Start of DATA FOR REVIEW

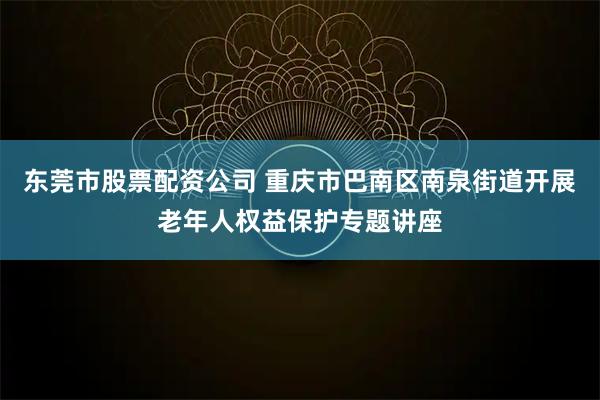 东莞市股票配资公司 重庆市巴南区南泉街道开展老年人权益保护专题讲座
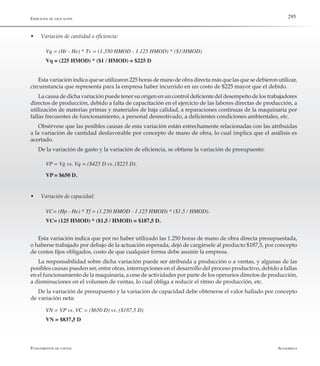 AlfaomegaFundamentos de costos
295Ejercicios de aplicación
w	 Variación de cantidad o eficiencia:
Vq = (Hr - He) * Tv = (1.350 HMOD - 1.125 HMOD) * ($1/HMOD)
Vq = (225 HMOD) * ($1 / HMOD) = $225 D
Esta variación indica que se utilizaron 225 horas de mano de obra directa más que las que se debieron utilizar,
circunstancia que representa para la empresa haber incurrido en un costo de $225 mayor que el debido.
La causa de dicha variación puede tener su origen en un control deficiente del desempeño de los trabajadores
directos de producción, debido a falta de capacitación en el ejercicio de las labores directas de producción, a
utilización de materias primas y materiales de baja calidad, a reparaciones continuas de la maquinaria por
fallas frecuentes de funcionamiento, a personal desmotivado, a deficientes condiciones ambientales, etc.
Obsérvese que las posibles causas de esta variación están estrechamente relacionadas con las atribuidas
a la variación de cantidad desfavorable por concepto de mano de obra, lo cual implica que el análisis es
acertado.
De la variación de gasto y la variación de eficiencia, se obtiene la variación de presupuesto:
VP = Vg vs. Vq = ($425 D vs. ($225 D).
VP = $650 D.
w	 Variación de capacidad:
VC= (Hp - He) * Tf = (1.250 HMOD - 1.125 HMOD) * ($1,5 / HMOD).
VC= (125 HMOD) * ($1,5 / HMOD) = $187,5 D.
Esta variación indica que por no haber utilizado las 1.250 horas de mano de obra directa presupuestada,
o haberse trabajado por debajo de la actuación esperada, dejó de cargársele al producto $187,5, por concepto
de costos fijos obligados, costo de que cualquier forma debe asumir la empresa.
La responsabilidad sobre dicha variación puede ser atribuida a producción o a ventas, y algunas de las
posibles causas pueden ser, entre otras, interrupciones en el desarrollo del proceso productivo, debido a fallas
en el funcionamiento de la maquinaria, a cese de actividades por parte de los operarios directos de producción,
a disminuciones en el volumen de ventas, lo cual obliga a reducir el ritmo de producción, etc.
De la variación de presupuesto y la variación de capacidad debe obtenerse el valor hallado por concepto
de variación neta:
VN = VP vs. VC = ($650 D) vs. ($187,5 D)
VN = $837,5 D
 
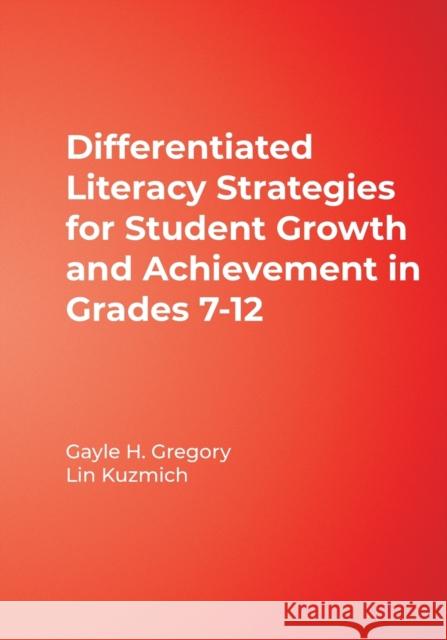 Differentiated Literacy Strategies for Student Growth and Achievement in Grades 7-12 Gayle H. Gregory Lin Kuzmich 9780761988830 Corwin Press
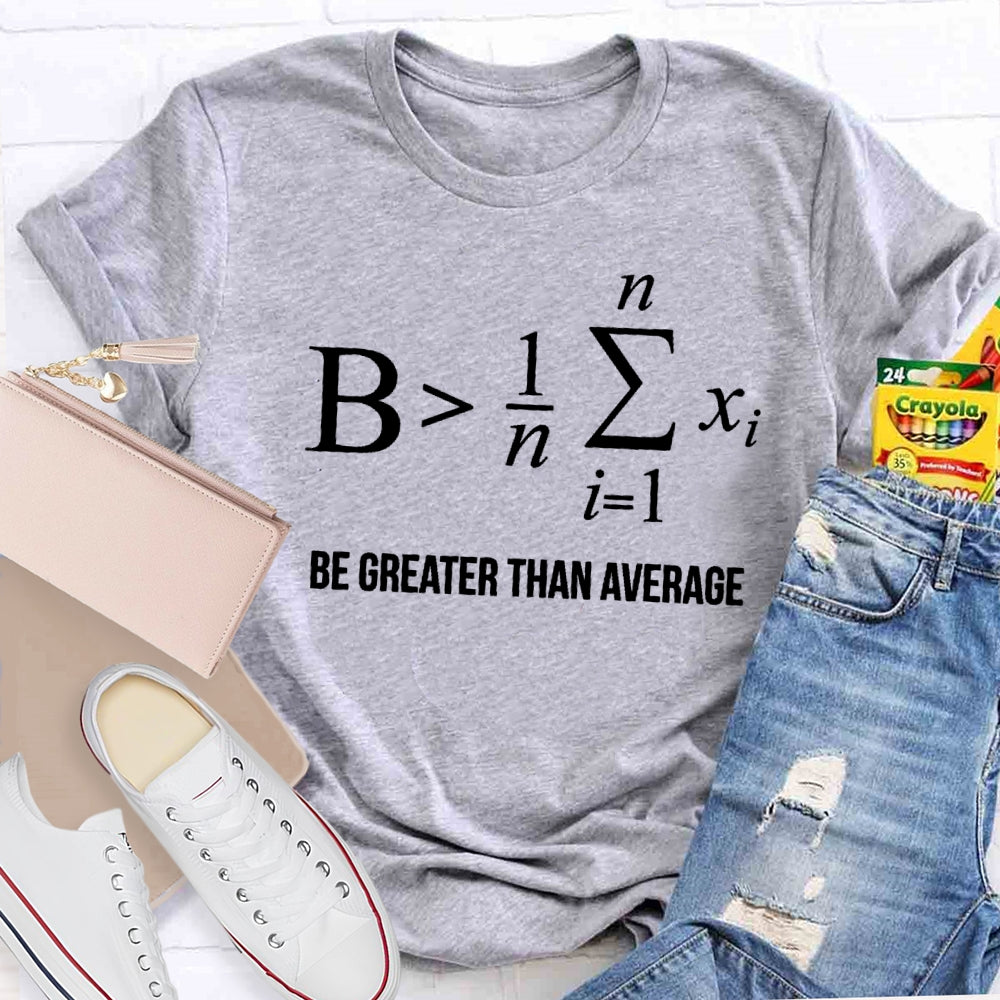 Be Greater Than Average T-shirt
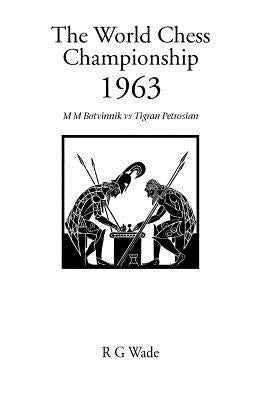 The World Chess Championship 1963 by Botvinnik, Mikhail M.
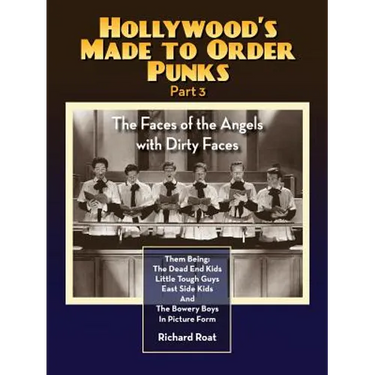Hollywood's Made to Order Punks Part 3 - The Faces of the Angels with Dirty Faces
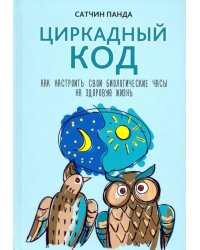 Циркадный код. Как настроить свои биологические часы на здоровую жизнь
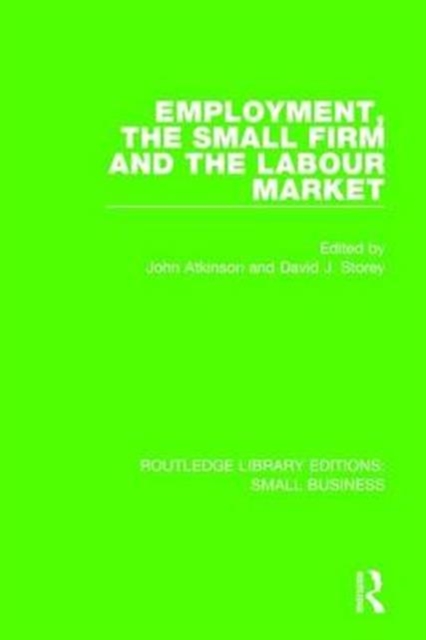 Employment, the Small Firm and the Labour Market, Hardback Book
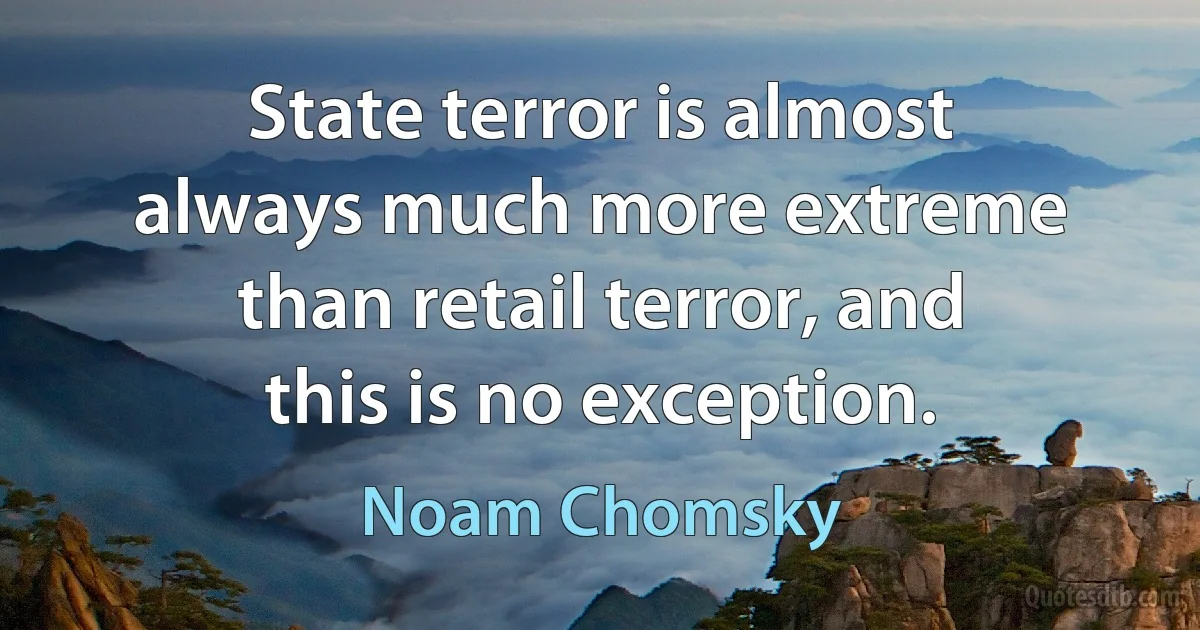 State terror is almost always much more extreme than retail terror, and this is no exception. (Noam Chomsky)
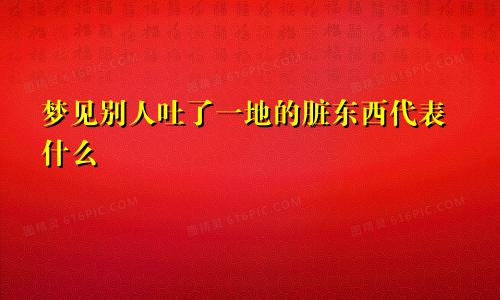 梦见别人吐了一地的脏东西代表什么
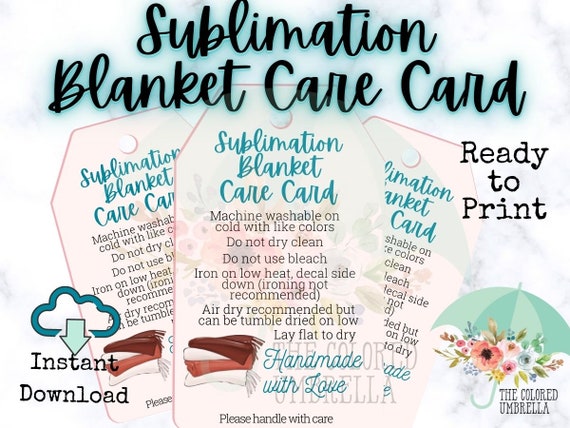 Sublimation Blanket Care Card Digital Download ready to print, Cute,  Sublimation instructions, shipping, blanket, sublimation card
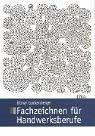 Fachzeichnen für Handwerksberufe: im Ausbildungsbereich Maler und Lackierer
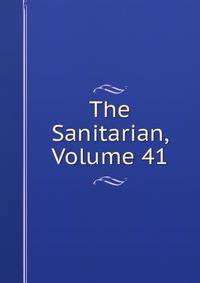 The Sanitarian, Volume 41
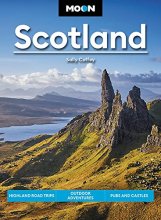 Cover art for Moon Scotland: Highland Road Trips, Outdoor Adventures, Pubs and Castles (Travel Guide)
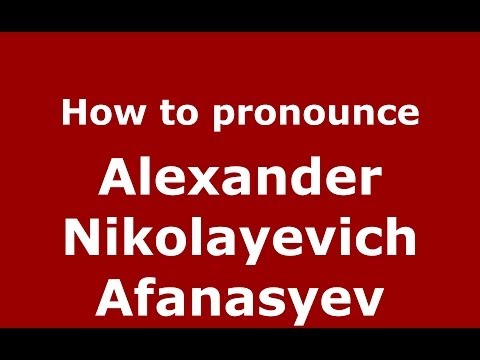 How to pronounce Alexander Nikolayevich Afanasyev (Russian/Russia) - PronounceNames.com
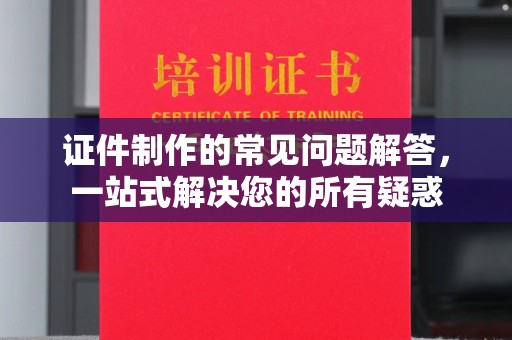 福清证件制作的常见问题解答，一站式解决您的所有疑惑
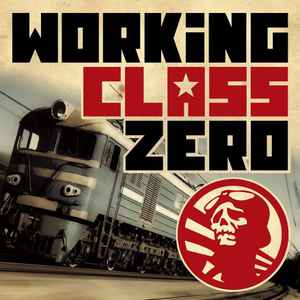 Working Class Zero – Working Class Zero (2015, Vinyl) - Discogs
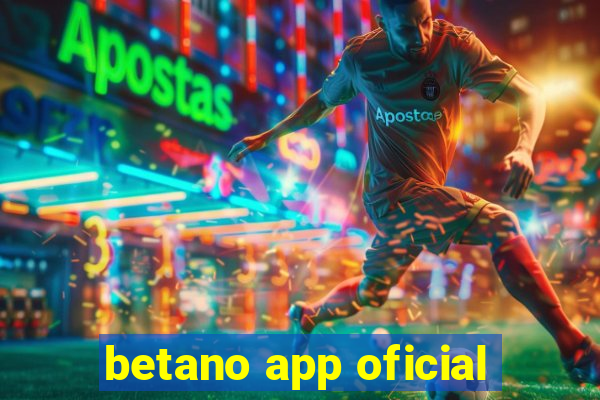 betano app oficial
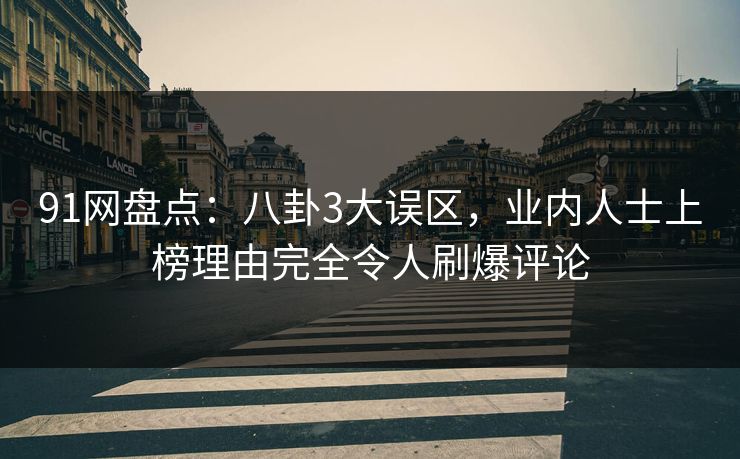 91网盘点：八卦3大误区，业内人士上榜理由完全令人刷爆评论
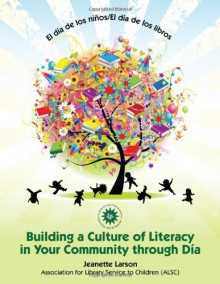 El Dia de Los Ninos/El Dia de Los Libros: Buidling a Culture of Literacy in Your Community Through Dia - Jeanette Larson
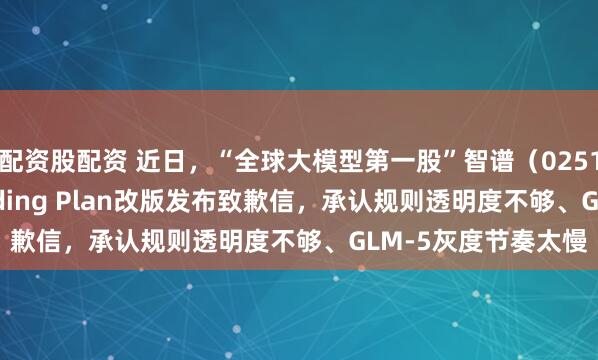 配资股配资 近日，“全球大模型第一股”智谱（02513.HK）就GLM Coding Plan改版发布致歉信，承认规则透明度不够、GLM-5灰度节奏太慢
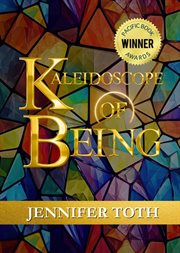 Kaleidoscope of Being cover image
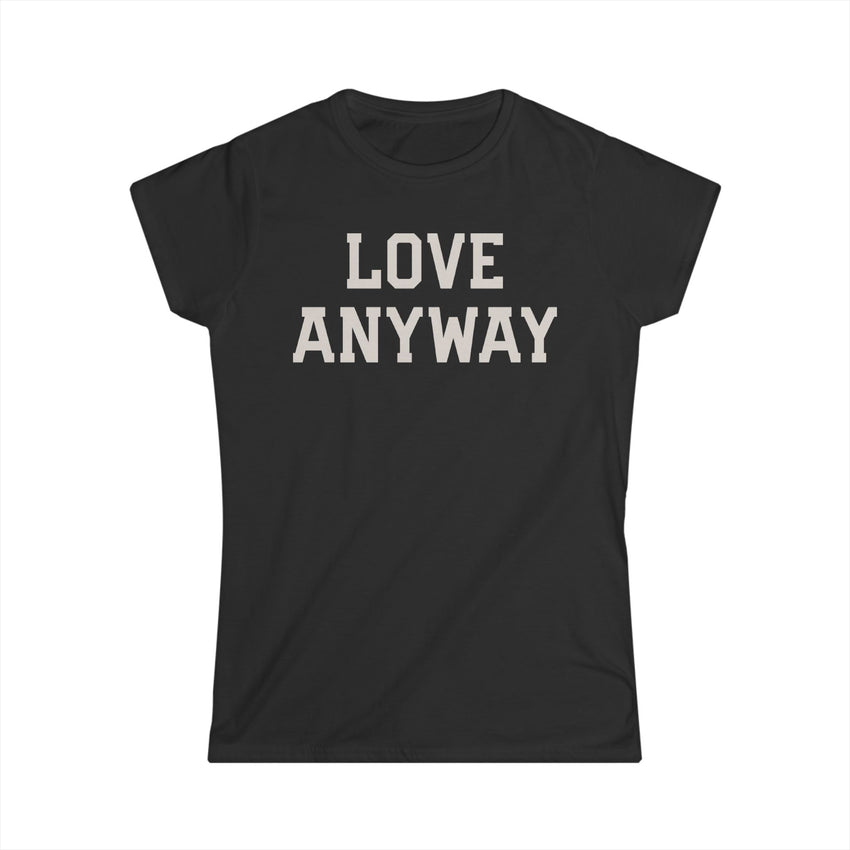 "Love Anyway" Cream Women's Softstyle Tee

End of DATA FOR REVIEW

**WHAT THE EXERCISE ASKS**. Which lines of the data include the string "posibles"? Copy each of them.

**ANSWER**.
Obsérvese que las posibles causas de esta variación están estrechamente relacionadas con las atribuidas
posibles causas pueden ser, entre otras, interrupciones en el desarrollo del proceso productivo, debido a fallas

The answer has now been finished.